### [What to do]
Starting with the line that contains "Lenovo Thinkpad X1", copy every line through the end of the listing, exactly and only those. No pictures should appear in the copy.

### [Exercise data]
Segment Open

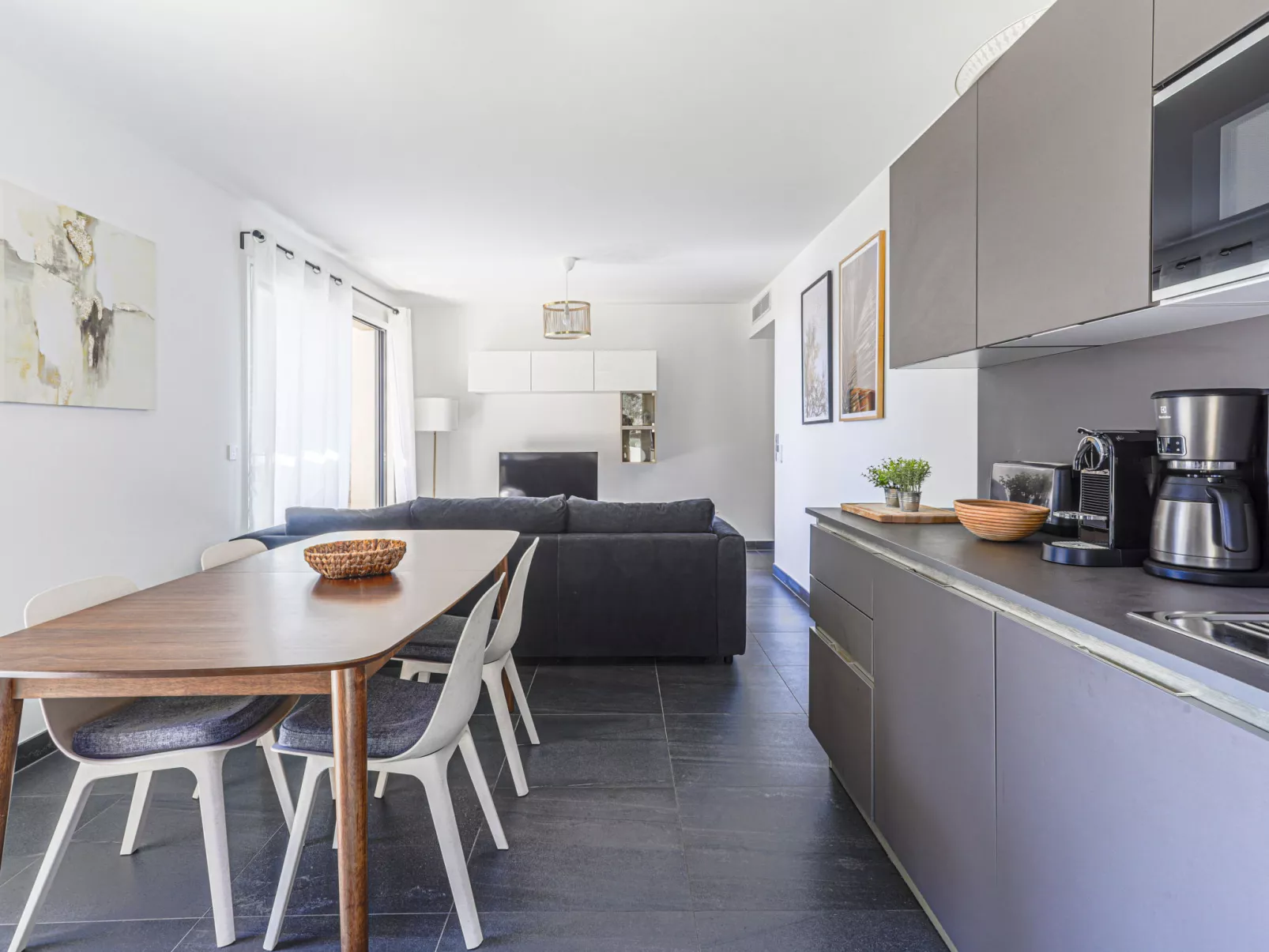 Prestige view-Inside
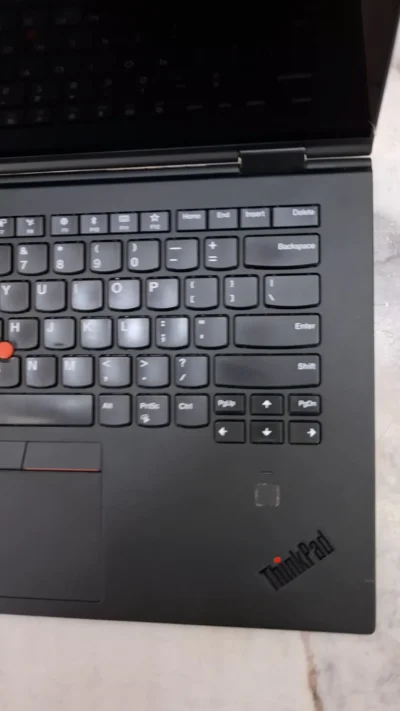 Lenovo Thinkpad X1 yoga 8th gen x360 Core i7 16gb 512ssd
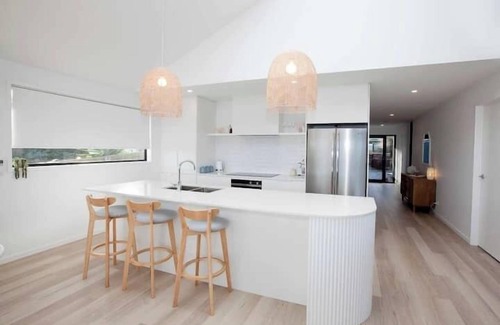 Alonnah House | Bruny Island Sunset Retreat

Segment Closed

### [Completed exercise]
 Lenovo Thinkpad X1 yoga 8th gen x360 Core i7 16gb 512ssd
 Alonnah House | Bruny Island Sunset Retreat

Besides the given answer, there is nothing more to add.